<<<<
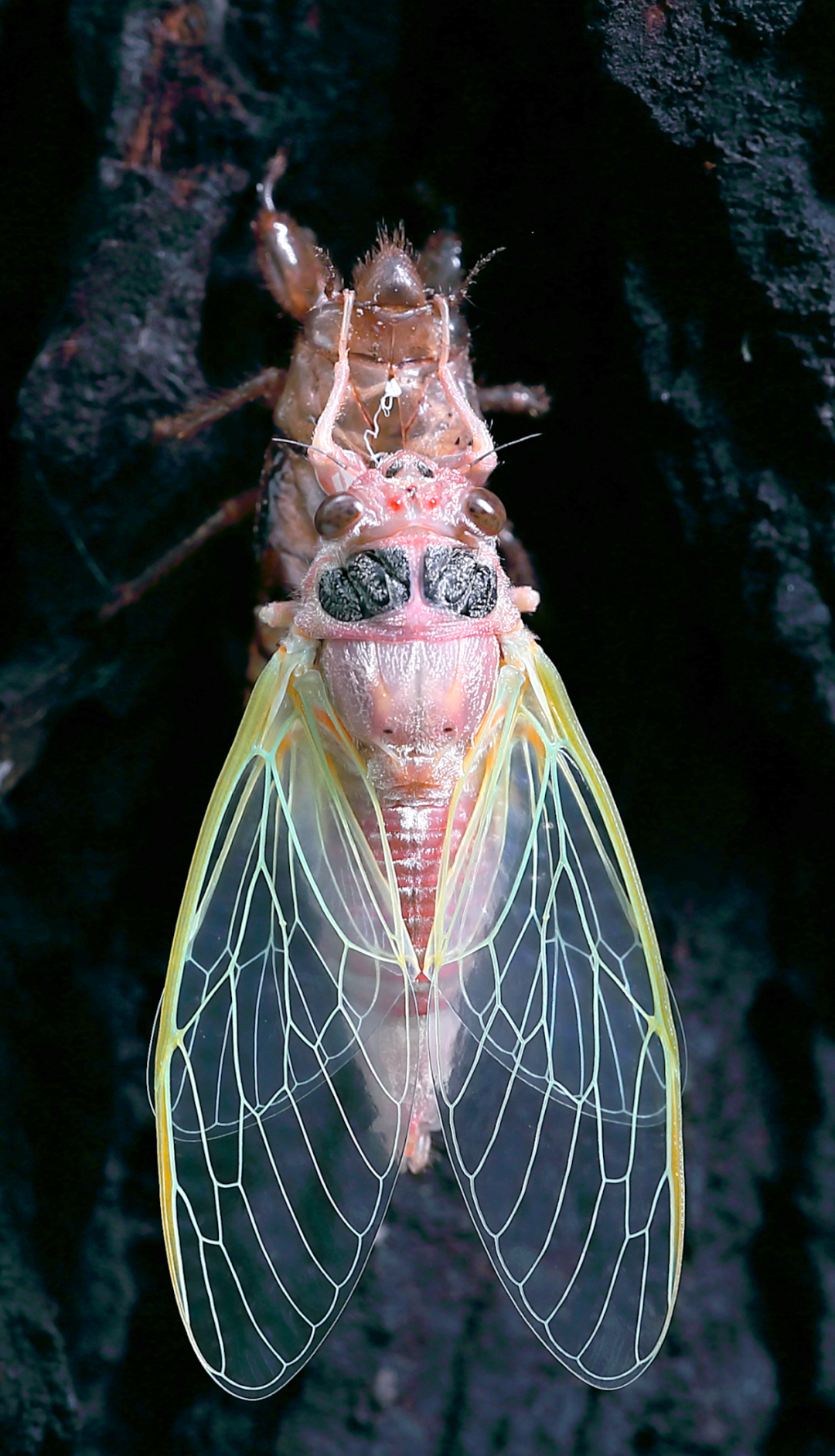 金蝉脱壳的奥秘:脱下的壳与蝉的归宿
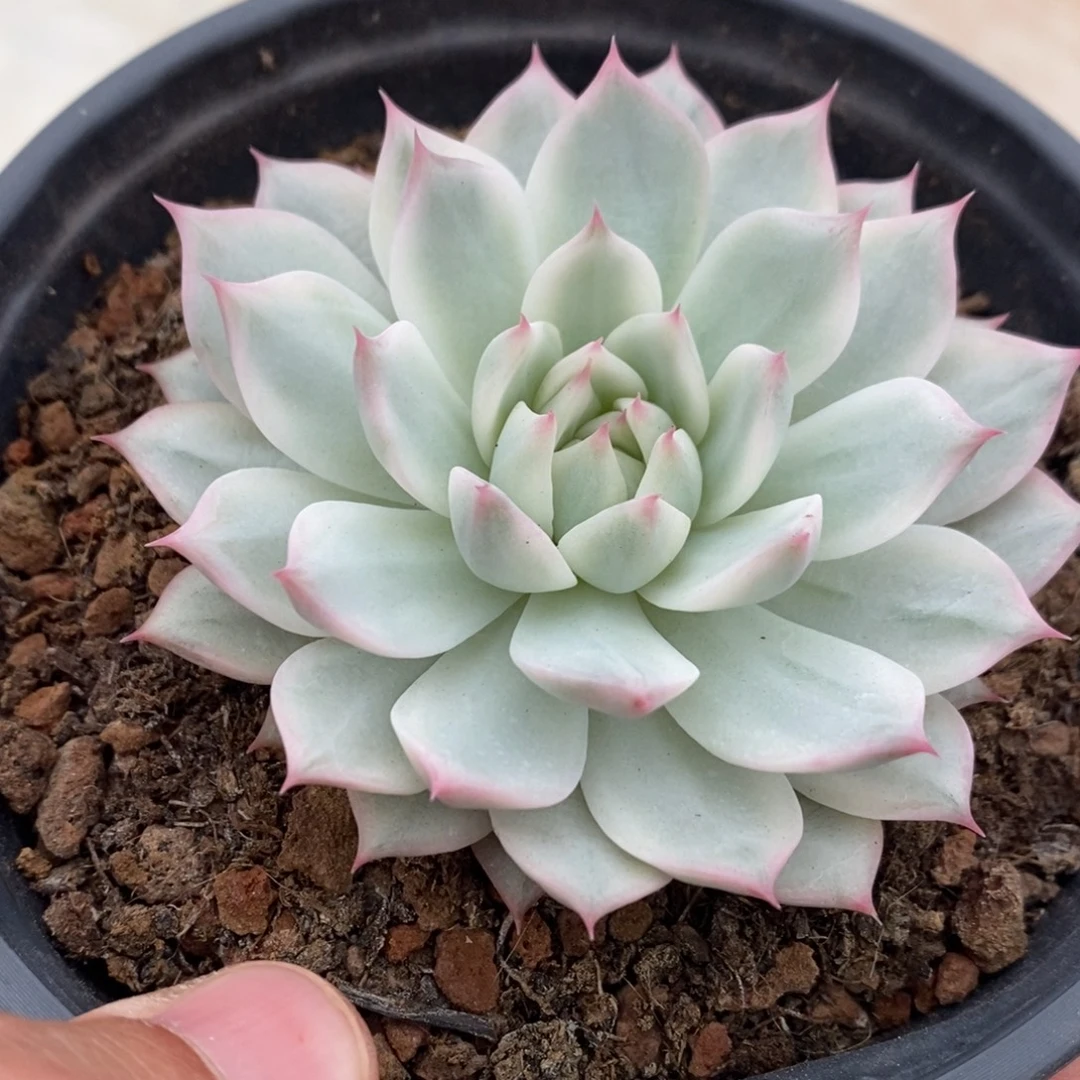 TP锦多肉植物9058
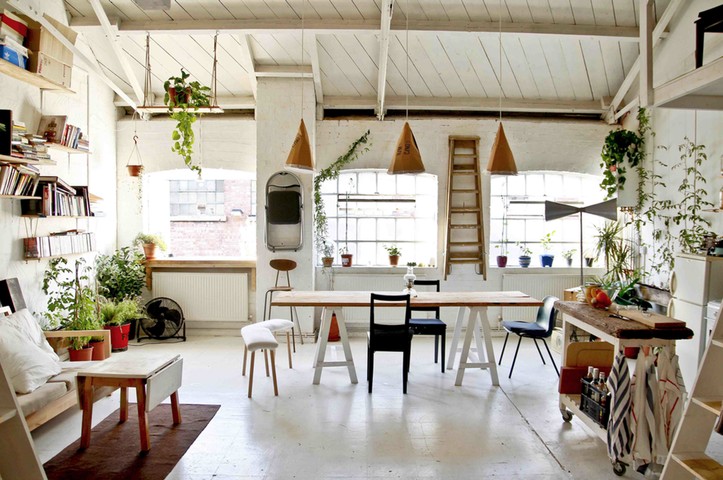 Tottenham loft: Tottenham loft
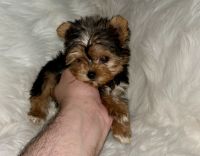 Yorkshire Terrier Puppies for sale in Los Angeles, CA 90001, USA. price: $2,500
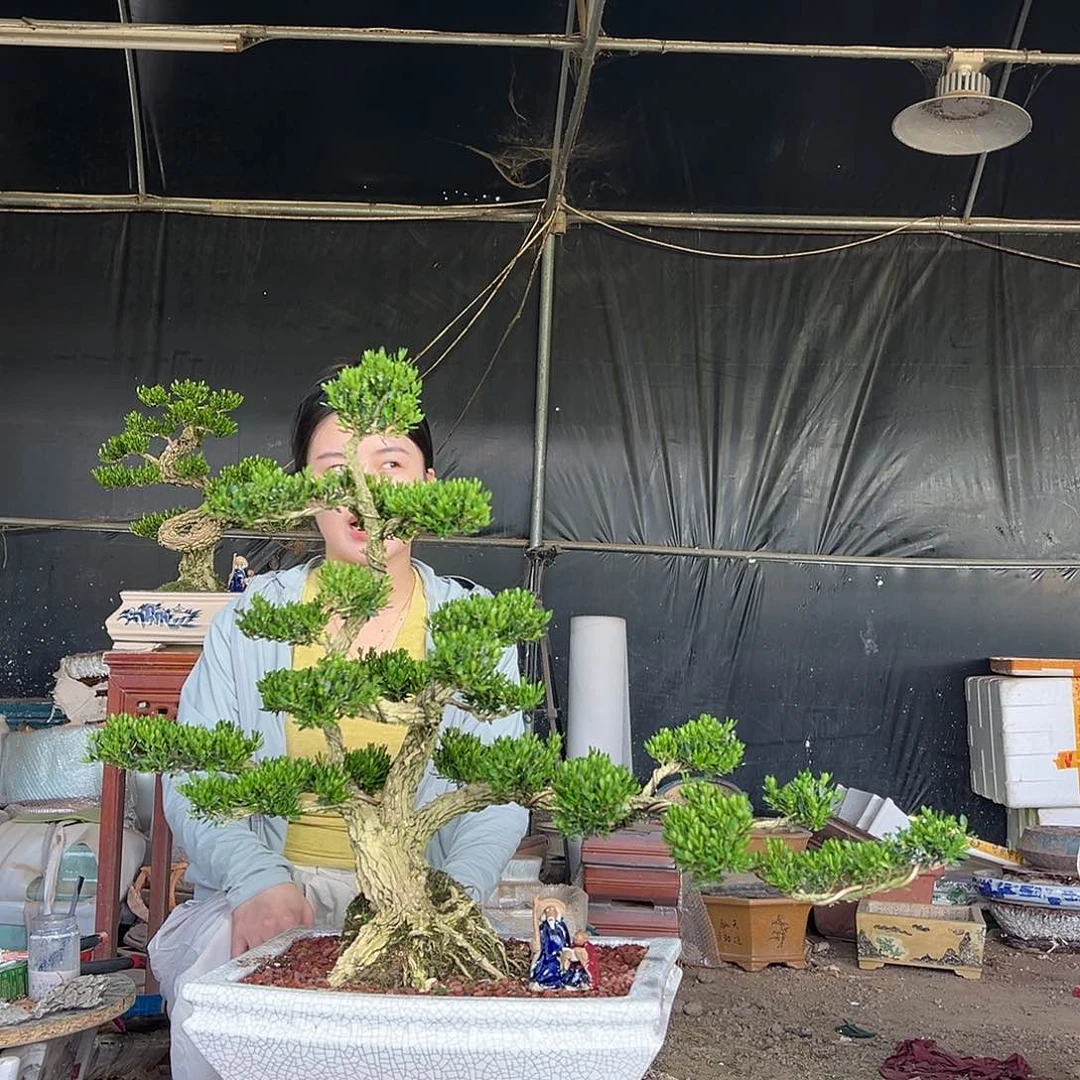 完全开放黄杨盆景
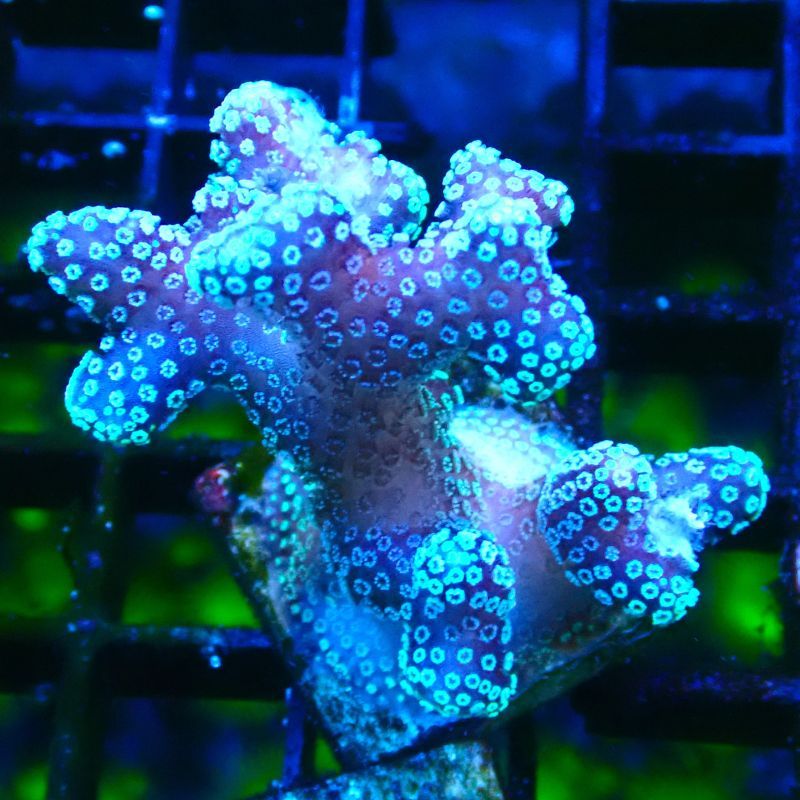 Bouture Stylophora Pink Blue Polyps 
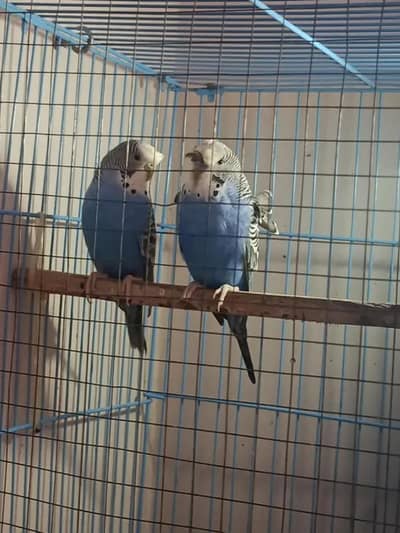 Hogoromo male or Hogoromo siplit female breeder pair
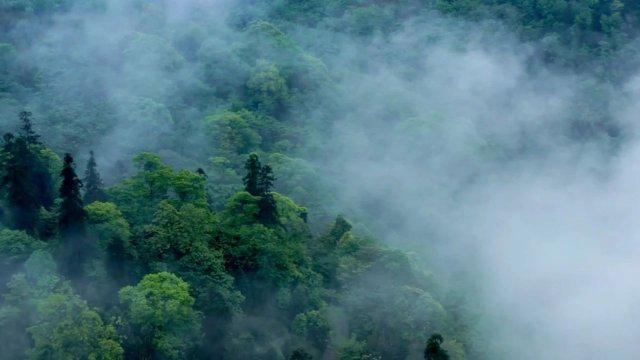 攀登之旅：从"这哪是爬山"到"拿下黄山"的壮丽征途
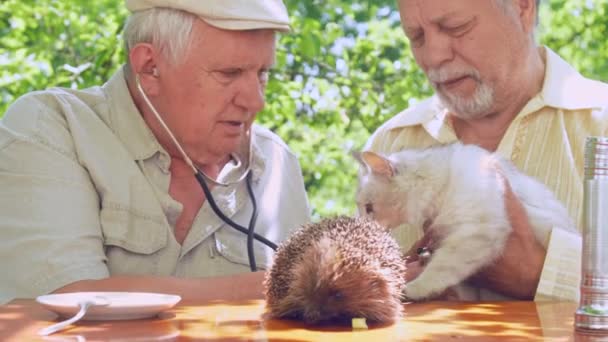 Homme âgé examine chat avec stéthoscope et parle à un ami — Video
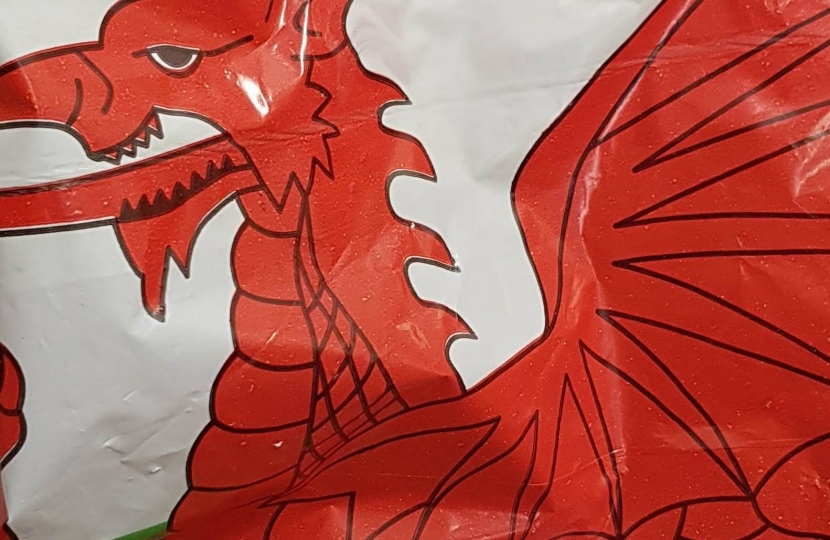 carrier bag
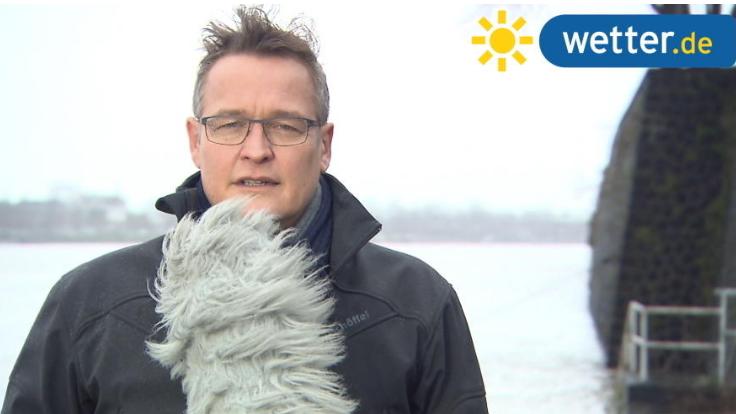 Der Wettergipfel 2019: And the winner is... fuchs.jpg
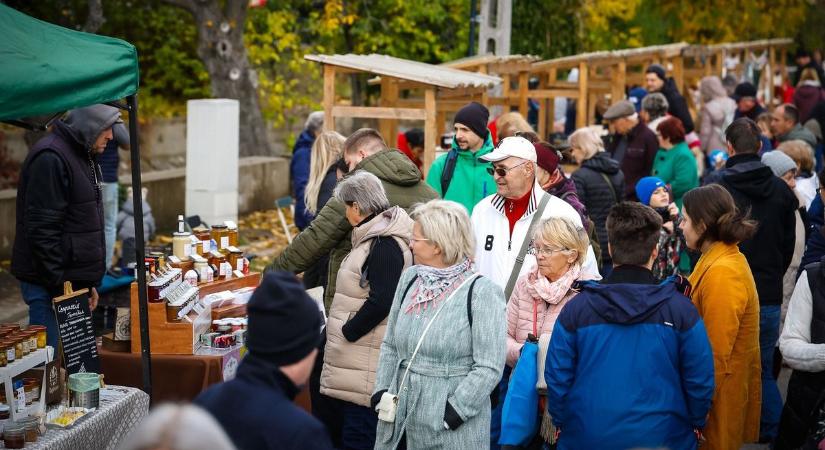 Egy legenda szertefoszlott Noszvajon, de a birslekvár és -sajt a párját ritkítja - fotókkal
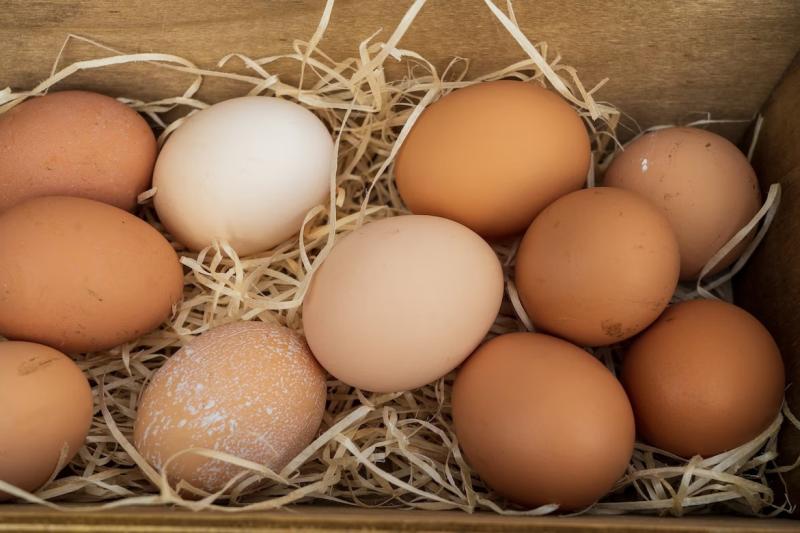 Диетолог раскрыла самый вредный способ приготовления яиц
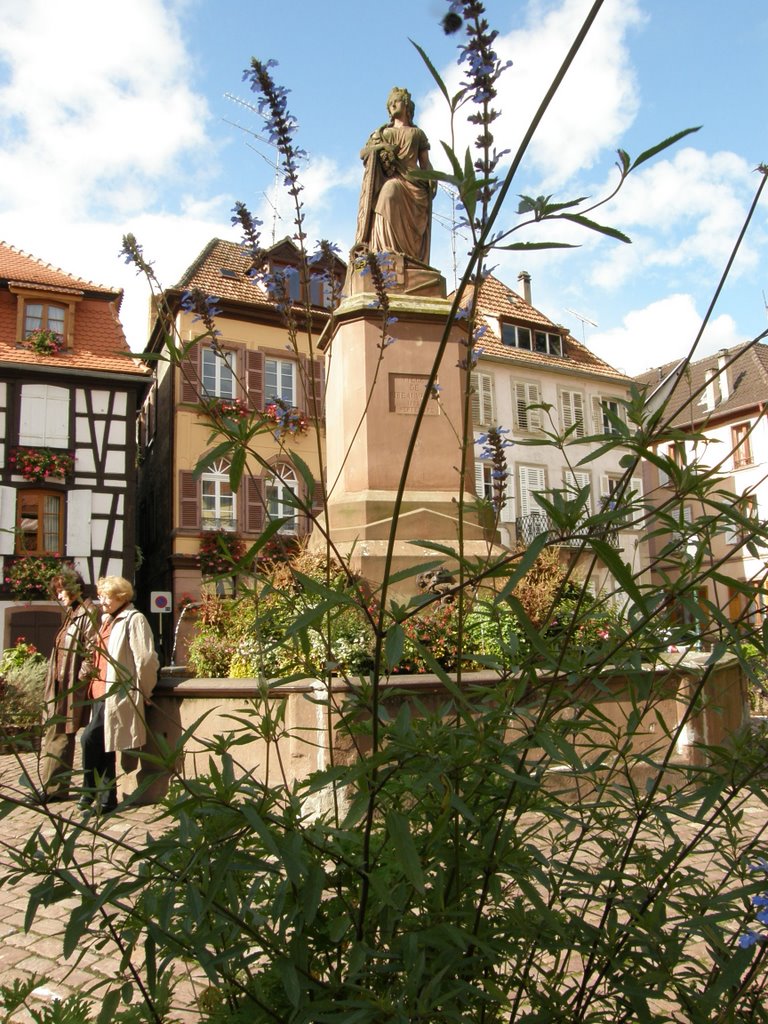 Through the flower, Ribeauvillé, Alsace, France by MAPP HUDRANS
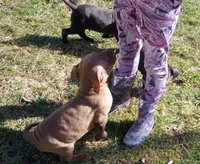 Jax Forrest, a male American Pit Bull Terrier for sale in Newfoundland, PA – Photo 1 of 8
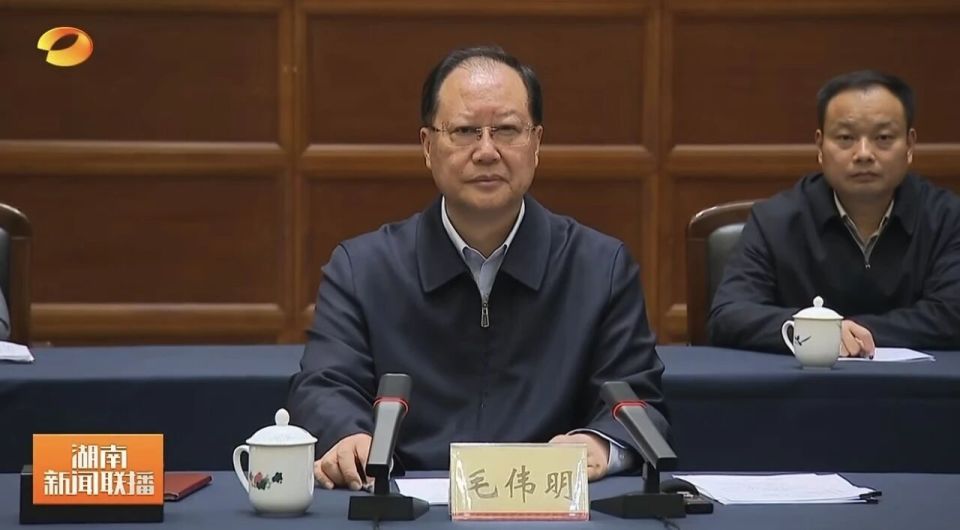  全产业链深度融合：比亚迪入湘模式如何重塑区域工业版图？ 企业服务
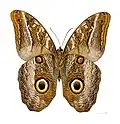 C. i. idomeneus, ventral, MHNT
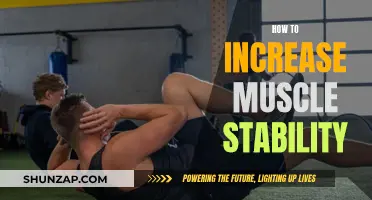 Improving Muscle Stability: Strategies for Strength and Endurance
>>>>
■ Your instructions:
Could the material above be given again exactly, pictures excluded?

■ Task output:
 金蝉脱壳的奥秘:脱下的壳与蝉的归宿
 TP锦多肉植物9058
 Tottenham loft: Tottenham loft
 Yorkshire Terrier Puppies for sale in Los Angeles, CA 90001, USA. price: $2,500
 完全开放黄杨盆景
 Bouture Stylophora Pink Blue Polyps 
 Hogoromo male or Hogoromo siplit female breeder pair
 攀登之旅：从"这哪是爬山"到"拿下黄山"的壮丽征途
 Homme âgé examine chat avec stéthoscope et parle à un ami — Video
 carrier bag
 Der Wettergipfel 2019: And the winner is... fuchs.jpg
 Egy legenda szertefoszlott Noszvajon, de a birslekvár és -sajt a párját ritkítja - fotókkal
 Диетолог раскрыла самый вредный способ приготовления яиц
 Through the flower, Ribeauvillé, Alsace, France by MAPP HUDRANS
 Jax Forrest, a male American Pit Bull Terrier for sale in Newfoundland, PA – Photo 1 of 8
  全产业链深度融合：比亚迪入湘模式如何重塑区域工业版图？ 企业服务
 C. i. idomeneus, ventral, MHNT
 Improving Muscle Stability: Strategies for Strength and Endurance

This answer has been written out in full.